Just before eleven o’clock, Priests came on. Though they didn’t play longer than anyone else, and though their set came in the middle of the bill, they felt like the headliner; they received shout-outs from every performer for their work in putting the benefit together, and their set drew the most engaged crowd. They played “Right Wing,” an older song whose lyrics felt completely appropriate for the occasion; they played three songs from Nothing Feels Natural, which sounded cavernous inside the club.

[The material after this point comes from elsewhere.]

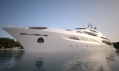 Zaha Hadid a její Unique Circle Yachts pro Blohm+Voss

Their chemistry was magnetic and undeniable: Greer prowling the stage, Daniele whipping the drums while bearing a wide grin, Mulitz providing poised support, Jaguar wielding his guitar like a weapon. They looked like the rock band you’d want to look to for inspiration in this insanity of Trumpland, for however much that could matter.

Before Priests began their set, Greer gave a short speech. By that point, bands had been playing for four hours, and were scheduled to run until 1:30. “Are you feeling exhausted?” she asked. “The fact that you could come be here means a lot.” She announced that the sold-out show had raised more than $12,000 to be donated to the charities—a small, but valuable amount of money that wouldn’t go to waste. “This is the way forward. This is where we can put our efforts and fight this, because we can fight this and we will.” It was only the first day, but the mood was hopeful.